Fastest method for extracting sub-list from Python list given array of indexes

Question

I have large Python list l of objects of any type, also I have another large list i (or even NumPy array) of integer indexes pointing to some elements within list l.

The question is what is the fastest (most efficient) way of creating another list l2 which contains elements of l with indexes from i.

The easiest way is to do a list comprehension:

l2 = [l[si] for si in i]
# Use np.nditer(i) instead of i, for NumPy array case

But is this the fastest possible way?

List comprehension is a Python loop, so might be slow for large lists, maybe there is some built-in Python's method in standard library written in efficient C to achieve just this task? Or maybe in NumPy there is such method for indexing Python's list by numpy array?

Maybe there is some simple and fast function in standard python library for doing this same to NumPy's np.take, like in imaginary code below:

import listtools
l2 = listtools.take(l, indexes)

exactly same question answered here - https://stackoverflow.com/questions/9008533/access-list-of-items-with-list-of-indices. there the suggestion was to use generator instead of list comprehension — Yossi Levi, Oct 03 '20 at 06:59
@YossiLevi I'm not convinced that generator is the fastest way, also for my task you need to get list back out of generator by doing `l2 = list(generator_())` which is another slow operation. Also in that question there's only one answer and I expect there are a dozen of other fast methods that were not mentioned. — Arty, Oct 03 '20 at 07:10
Lists can only be indexed one item 4or slice) at a time. And iterating on a list is faster than iterating on an array (and `nditer` does not help). So that basic list comprehension makes most sense. Remember it is only copying references. — hpaulj, Oct 03 '20 at 07:19
@hpaulj I wanted to find the fastest way for large list. My concern was that list comprehension is slow by itself as it is a python loop code. So I thought there could be some fast and simple special method in standard library, e.g. like `import listtools; l2 = listtools.take(l, indexes)`. — Arty, Oct 03 '20 at 07:35
@Arty. List comprehensions are quite a bit faster than general purpose loops, and Paul's answer shows the closest python has to `take`. — Mad Physicist, Oct 03 '20 at 08:43

score 4 · Accepted Answer · answered Oct 03 '20 at 08:37

4

You can get a minor speedup (~25% in the example below) by using operator.itemgetter which supports bulk lookup:

>>> import string
>>> import random
>>> import operator as op
>>> from timeit import timeit

# create random lists
>>> l = [random.choice([*string.ascii_letters,*range(100)]) for _ in range(1000000)]
>>> i = [random.randint(0,999999) for _ in range(300000)]

# timings
>>> timeit(lambda:[l[si] for si in i],number=100)
3.0997245000035036
>>> timeit(lambda:list(map(l.__getitem__,i)),number=100)
2.892384369013598
>>> timeit(lambda:list(op.itemgetter(*i)(l)),number=100)
2.1787672539940104

answered Oct 03 '20 at 08:37

Paul Panzer

51,835
3
54
99

Thanks!
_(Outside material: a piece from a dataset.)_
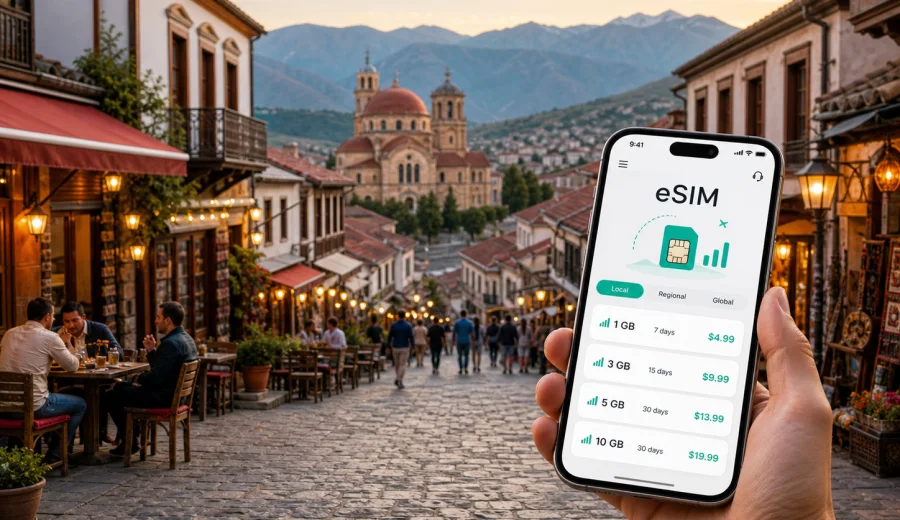 Korca eSIM: mobile internet for Albania trips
Interesting if there is also some improved solution for the case when indexes are NumPy array? – Arty Oct 03 '20 at 09:28
@Arty numpy and pure python don't mix well, so in this scenario the best I can think of is to actually convert the indices to list using `i.tolist()`. This will be faster but obviously not as fast as having a list of indices from the getgo. – Paul Panzer Oct 03 '20 at 09:37
I've decided to measure numpy usage, as I also was interested in solving task when we have indexes as numpy array, in this case we gain `1.56x` speedup, if also `l` is also a numpy array of objects then we gain `3x` speedup. [Here is my answer](https://stackoverflow.com/a/64183092/941531). – Arty Oct 03 '20 at 10:17
@Arty Interesting. Actually, giving or not giving the "dtype" kw makes a huge difference, especially if numpy decides it doesn't need `object` dtype, because it can use strings everywhere. This makes the final `tolist` much more expensive. But also if the difference is only `numpy` has to find out by itself that it has to use `object` that takes a significant amount of extra time. – Paul Panzer Oct 03 '20 at 10:57
Yes, it is the best to always provide `dtype` because in worst case numpy has to scan whole array to figure out the smallest type that can store any type of value of array. Then conversion will be even twice slower. Also it is always good to provide most narrow type, if you have integers do `np.int64` if also floats then `np.float64` if only strings then `np.str_` if any object then `np.object_`. The most narrow type will give best efficiency for all numpy algorithms. – Arty Oct 03 '20 at 11:17
I wonder how is efficient to pass 1 million positional arguments of function `op.itemgetter(...)` by unpacking `*i` operation. – Arty Oct 03 '20 at 11:31
@Arty This is probably special cased in the interpreter for the most important sequence types. – Paul Panzer Oct 03 '20 at 11:33
I did this with approx 700,000 indices and it was tremendously faster using op.itemgetter than list comprehension. A numpy array would not fit into memory because the list contained strings of varying length, so numpy array indexing was not possible. – John Aug 12 '21 at 14:22

Arty · Answer 2 · 2020-10-03T10:21:56.240

It is known that NumPy arrays can also be used to store and process any arbitrary Python objects through dtype = np.object_.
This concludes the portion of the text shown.